Ein Wiedereinstellungsanspruch kann grundsätzlich nur Arbeitnehmern zustehen, die zum Zeitpunkt des Zugangs der Kündigung Kündigungsschutz nach dem KSchG genießen. Ob sich in Kleinbetrieben im Einzelfall ausnahmsweise aus § 242 BGB ein Wiedereinstellungsanspruch ergeben kann, war im vorliegenden Fall unerheblich.

Der Kläger hätte einen solchen Anspruch erfolgreich nur gegenüber der vormaligen Beklagten zu 1), die den Betrieb nach Ablauf der Kündigungsfrist des Klägers zunächst weitergeführt hatte, verfolgen können. Seine gegen die vormalige Beklagte zu 1) gerichtete Klage war allerdings rechtskräftig abgewiesen worden.

Bewertung

Unter einem Wiedereinstellungsanspruch versteht man grundsätzlich das erneute Inkraftsetzung eines Arbeitsverhältnisses, welches in der Vergangenheit einmal bestanden hat. Erforderlich ist demnach ein ehemaliger Arbeitsvertrag, d.h. eine vertragliche Vereinbarung zwischen dem Arbeitsnehmer und dem Arbeitgeber, welcher z.B. aufgrund einer betriebsbedingten Kündigung wegen eines Betriebsübergangs beendet wurde. Dementsprechend kann man ohne eine vorrübergehende rechtliche Unterbrechung des Arbeitsverhältnisses nicht von einer Wiedereinstellung sprechen.

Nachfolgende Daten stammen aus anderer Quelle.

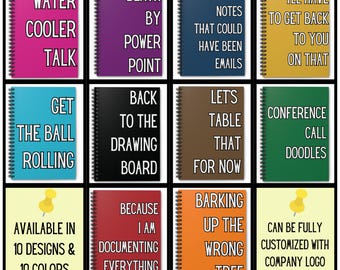 Könnte beinhalten: Zehn verschiedene Designs von spiralgebundenen Notizbüchern mit verschiedenen Sprüchen. Die Sprüche beinhalten "Water Cooler Talk", "Death by Power Point", "Meeting Notes That Could Have Been Emails", "I'll Have To Get Back To You On That", "Get The Ball Rolling", "Back To The Drawing Board", "Let's Table That For Now", "Conference Call Doodles", "Because I Am Documenting Everything", "Barking Up The Wrong Tree". Die beiden unteren Notizbücher zeigen, dass die Notizbücher in 10 Designs und 10 Farben erhältlich sind und vollständig mit einem Firmenlogo individualisiert werden können.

Solch ein Wiedereinstellungsanspruch steht grundsätzlich nur Arbeitnehmern zu, die Kündigungsschutz nach dem Kündigungsschutzgesetz (KSchG) genießen. In Kleinbetrieben und Unternehmen mit nur bis zu zehn Vollzeitmitarbeitern findet das KSchG keine Anwendung, wodurch dortige Arbeitnehmer keinen Kündigungsschutz im Sinne dieses Gesetzes genießen.

Möglicherweise kann sich in Kleinbetrieben allerdings ein Wiedereinstellungsanspruch im Einzelfall ausnahmsweise aus § 242 BGB ergeben.

Das BAG hat durch diese Möglichkeit eine Lücke im Kündigungsschutz geschlossen. Aus dem (gekündigten) Arbeitsvertrag ergebe sich aus Treu und Glauben (§ 242 BGB) eine vertragliche Nebenpflicht zum erneuten Abschluss eines Arbeitsvertrags (sog. Kontrahierungszwang), durch die die Abschlussfreiheit des Arbeitgebers eingeschränkt wird. Dies stelle eine Konkretisierung der Pflicht dar, auf die berechtigten Interessen des Vertragspartners Rücksicht zu nehmen.